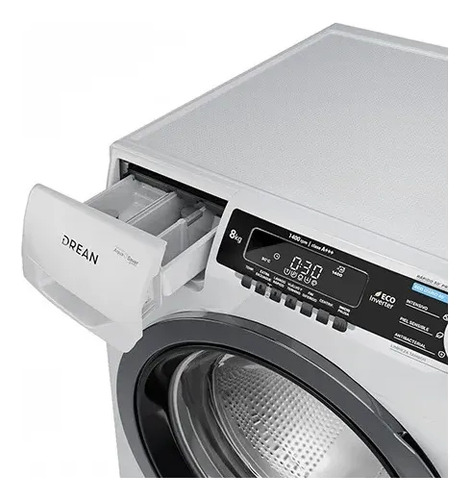 Lavarropas Automático Drean 8kg 1400rpm Inverter Blanco A+++ Blanco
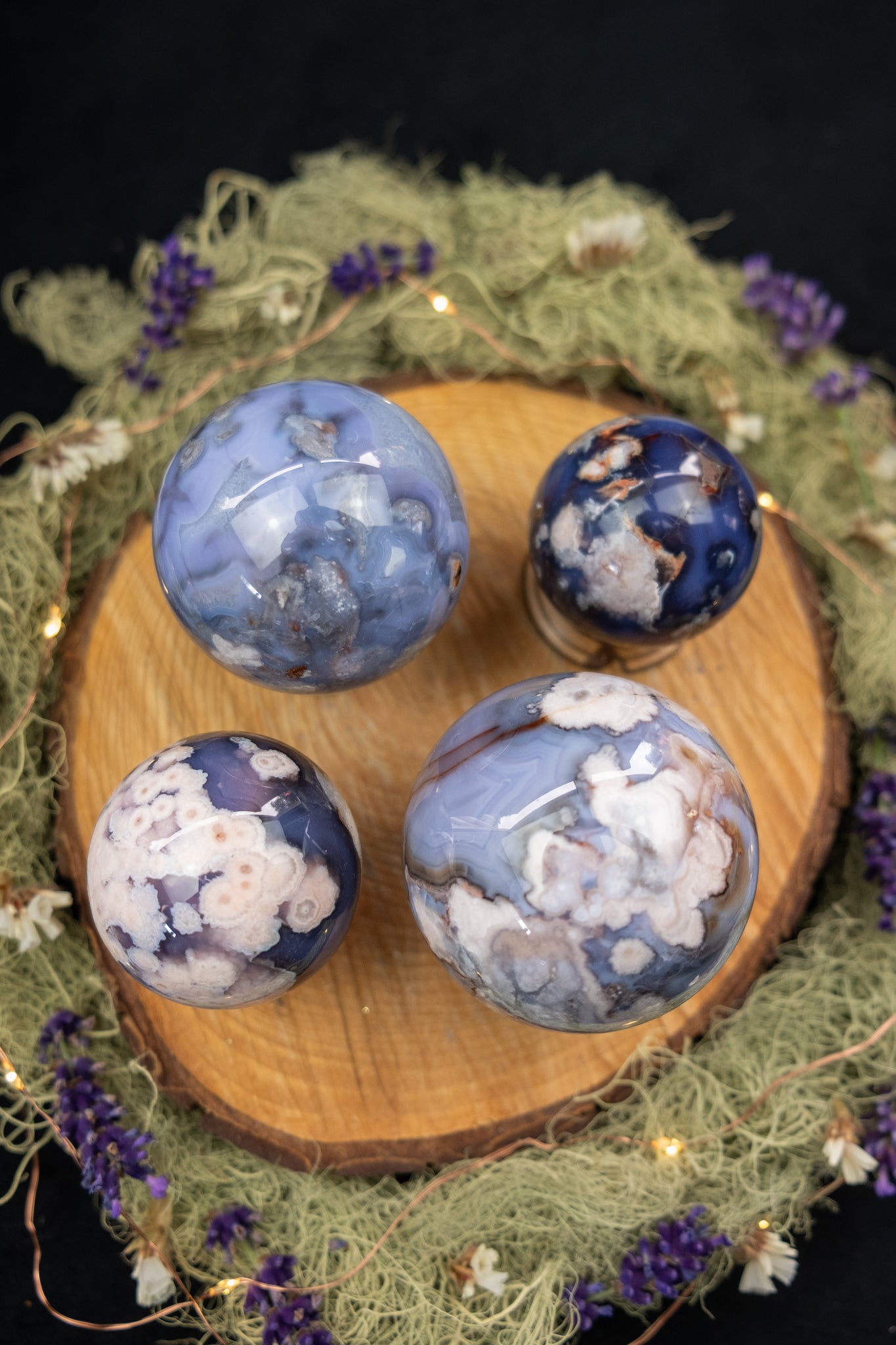 Purple Flower Agate Sphere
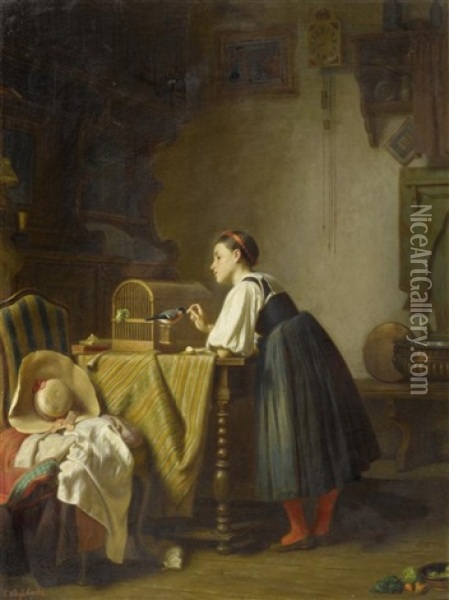 Interieurszene Mit Einem Madchen Oil Painting - Johann Caspar Bosshardt
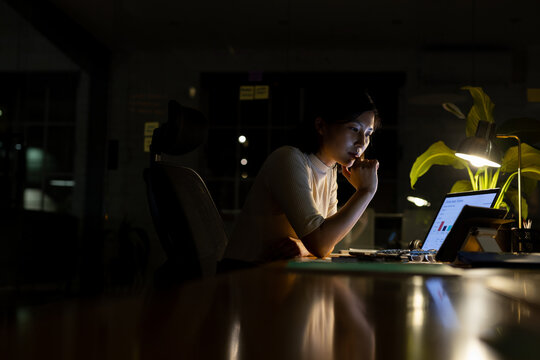 Asian businesswoman sitting at desk, using laptop and working late at office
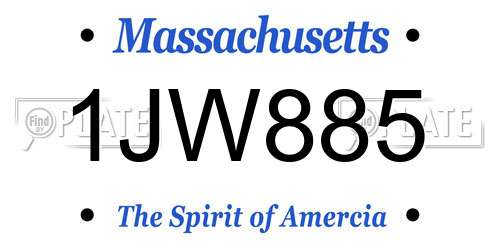 1JW885 Massachusetts License Plate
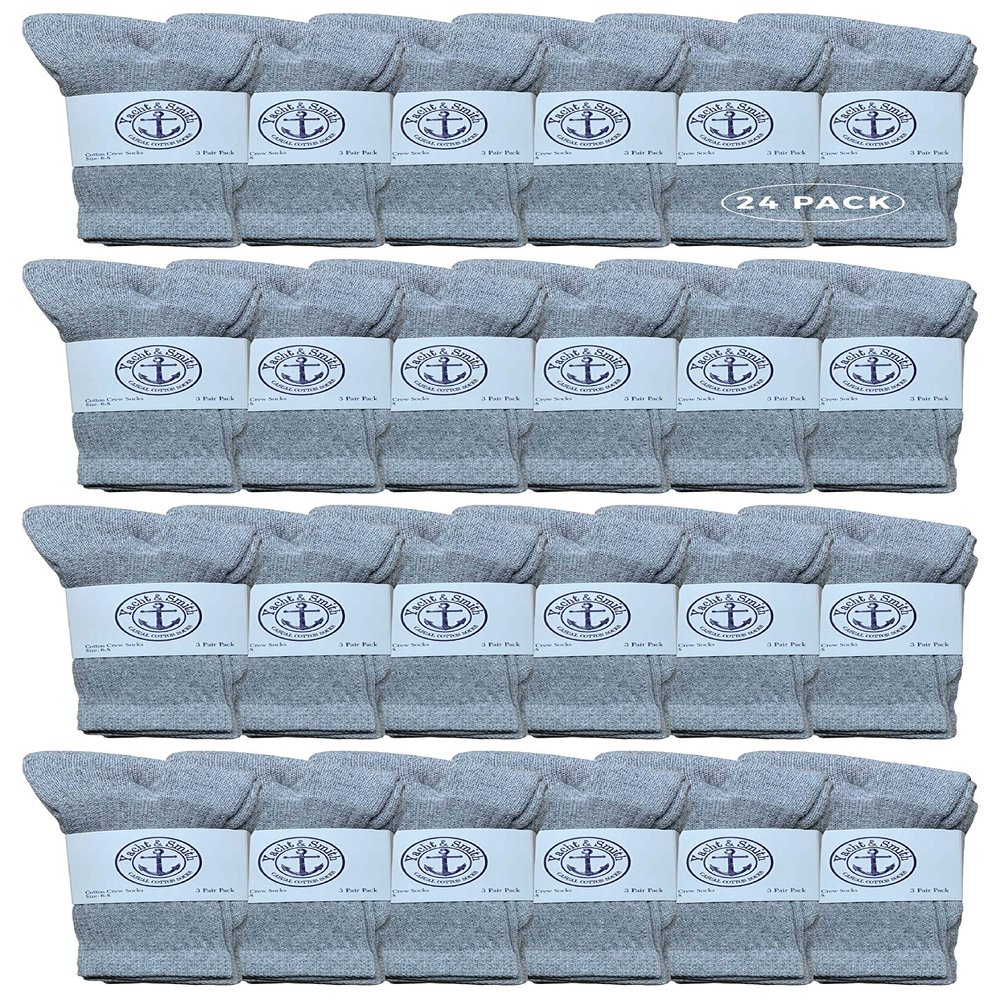 24 Pairs Of Yacht & Smith Wholesale Kids Crew Socks, Childrens Cotton Casual Crew Socks Size 6-8 (Gray)
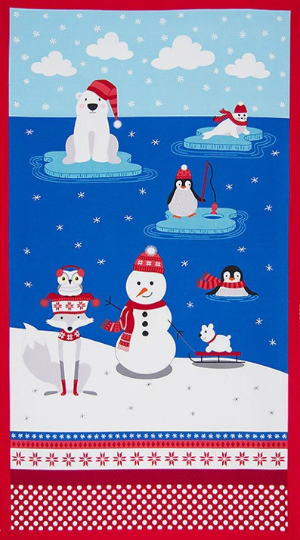 Robert Kaufman Polar Pals Quilt Panel 15969 100% Cotton Winter Children Quilting Patchwork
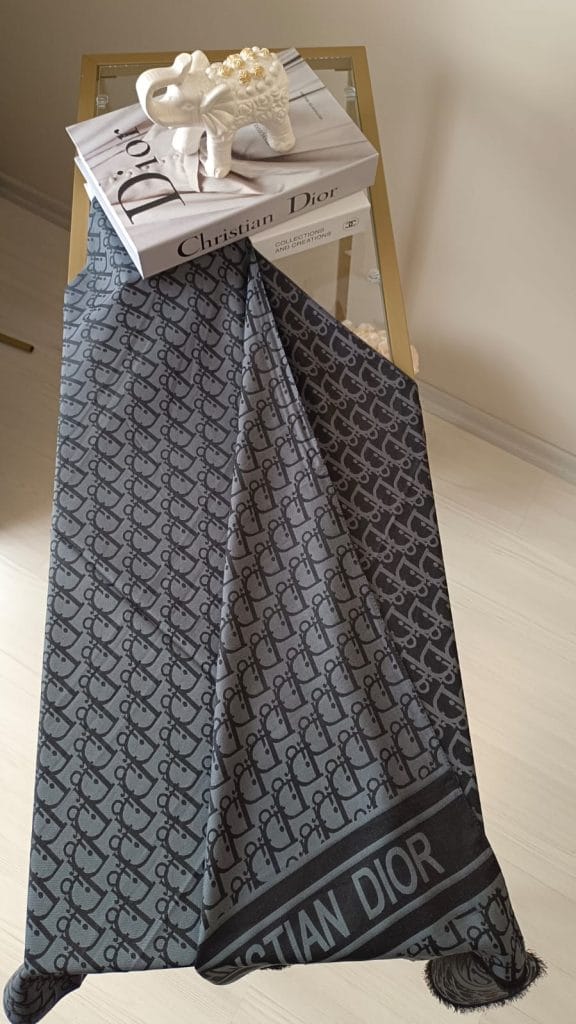 Dior Desenli İpek Kaşmir Çift Taraflı Şal - Antrasit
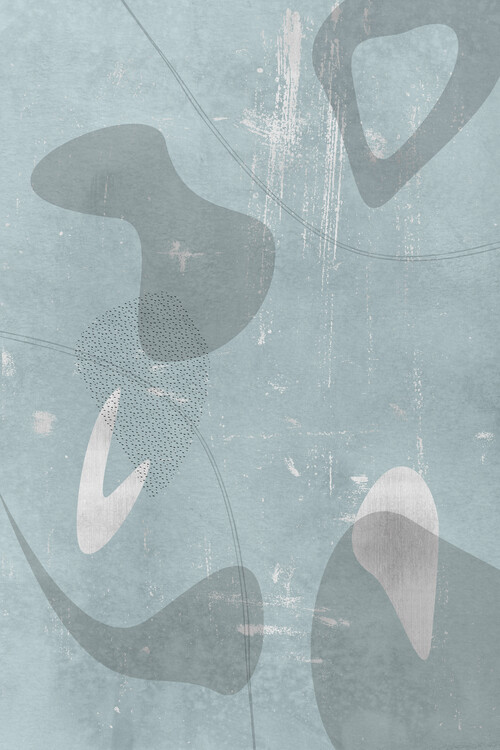 Levně Plakát, Obraz - Mid-Century Vintage No. 4 | silver-turquoise, Melanie Viola, 26.7 × 40 cm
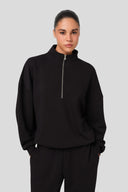 SİYAH RELAXED YARIM FERMUARLI SWEATSHIRT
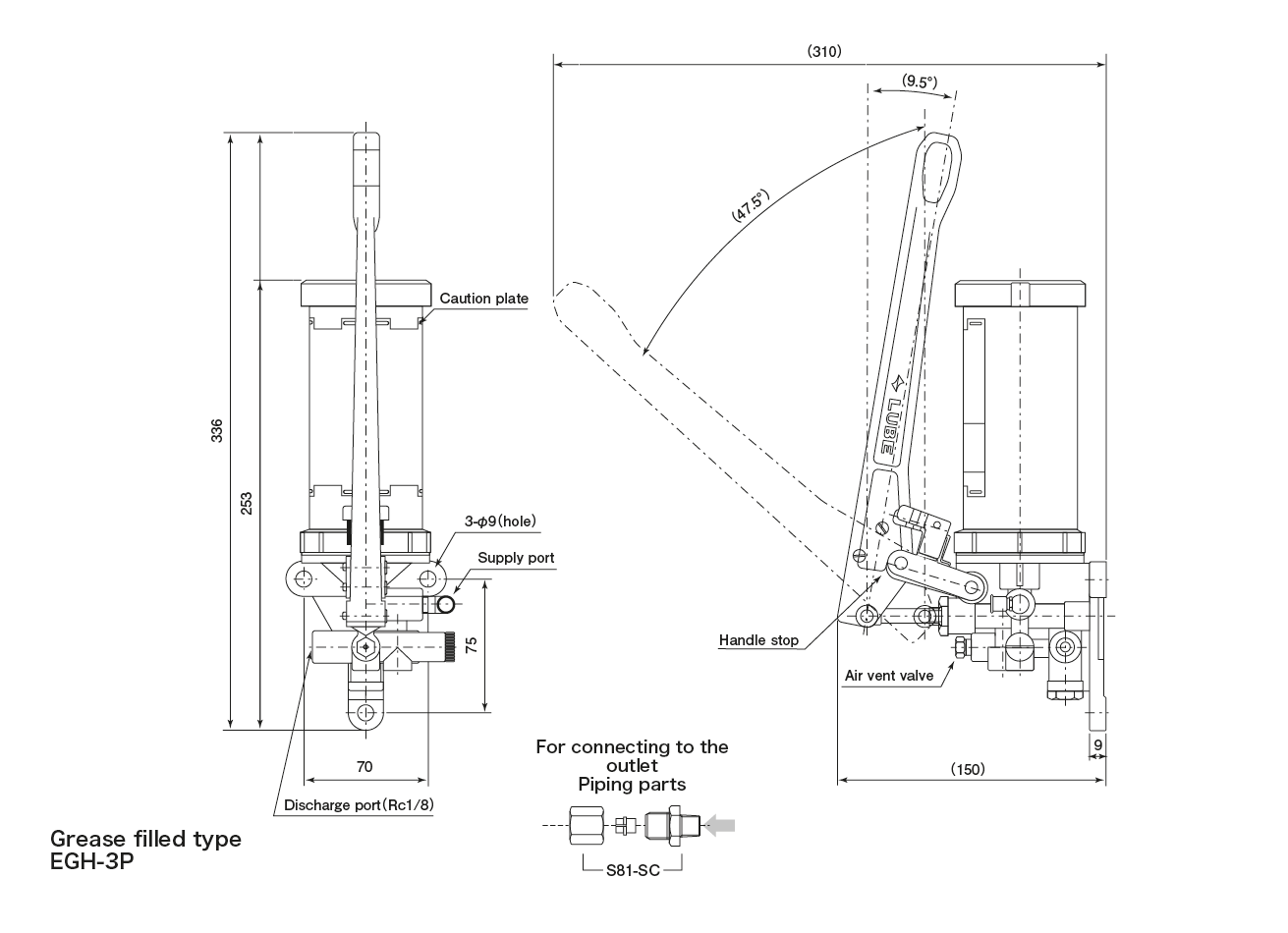 EGH type(Manual Pump Dimensional Drawing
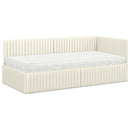 Hjørnesengramme med Madras 2 pcs Creme Fløjl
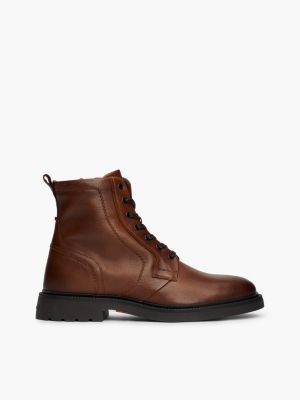 brown lightweight leather lace-up mid boots for men tommy hilfiger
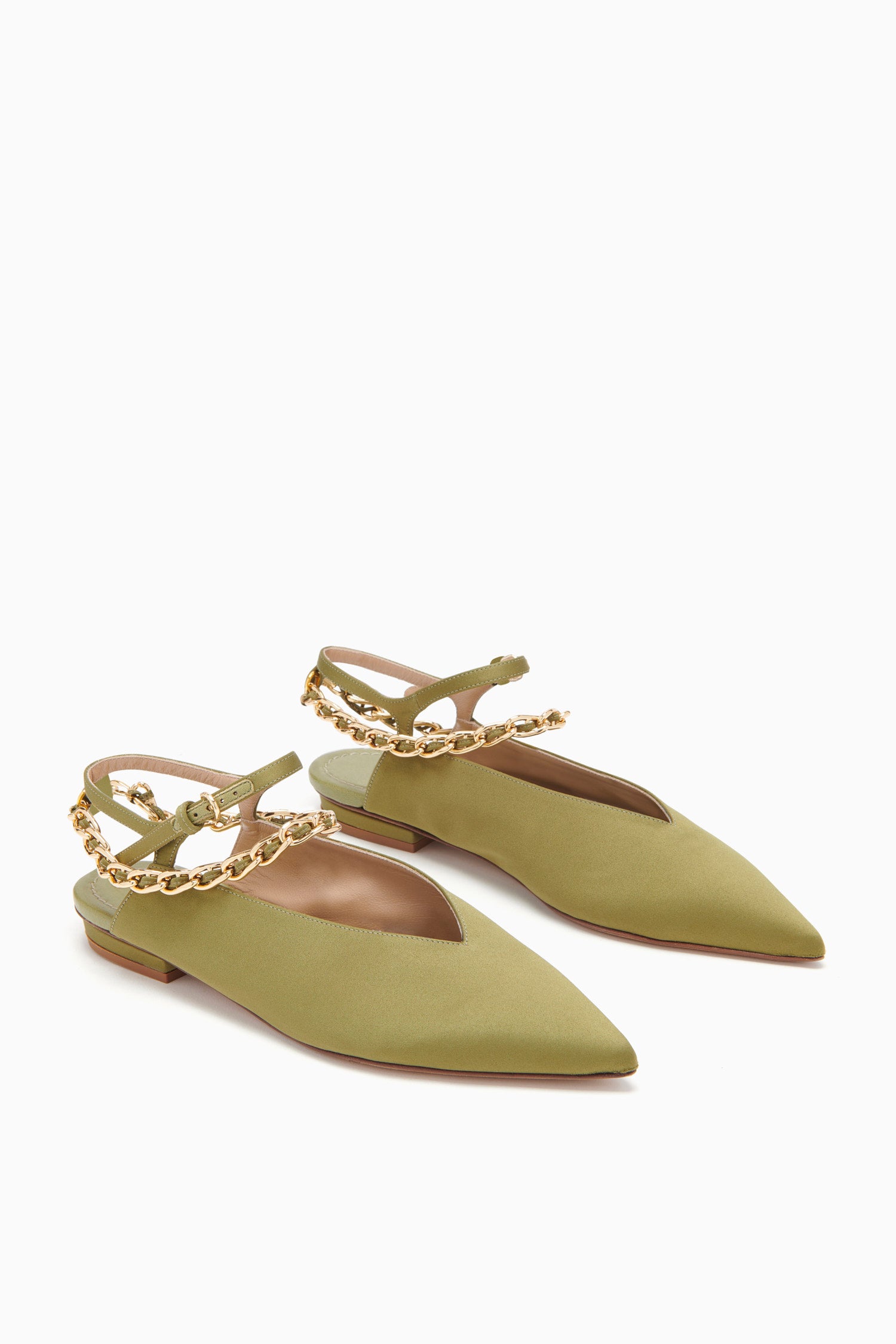 Iman Olive Pointed Flats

● Your instructions
In the listing above, find the line containing "Interieurszene Mit Einem" and the line containing "EGH type(Manual Pump Dimensional Drawing", then output those two lines and everything between them exactly as written, without the images.

● Response
 Interieurszene Mit Einem Madchen Oil Painting - Johann Caspar Bosshardt
 Asian businesswoman sitting at desk, using laptop and working late at office
 1JW885 Massachusetts License Plate
 24 Pairs Of Yacht & Smith Wholesale Kids Crew Socks, Childrens Cotton Casual Crew Socks Size 6-8 (Gray)
 Robert Kaufman Polar Pals Quilt Panel 15969 100% Cotton Winter Children Quilting Patchwork
 Dior Desenli İpek Kaşmir Çift Taraflı Şal - Antrasit
 Levně Plakát, Obraz - Mid-Century Vintage No. 4 | silver-turquoise, Melanie Viola, 26.7 × 40 cm
 SİYAH RELAXED YARIM FERMUARLI SWEATSHIRT
 EGH type(Manual Pump Dimensional Drawing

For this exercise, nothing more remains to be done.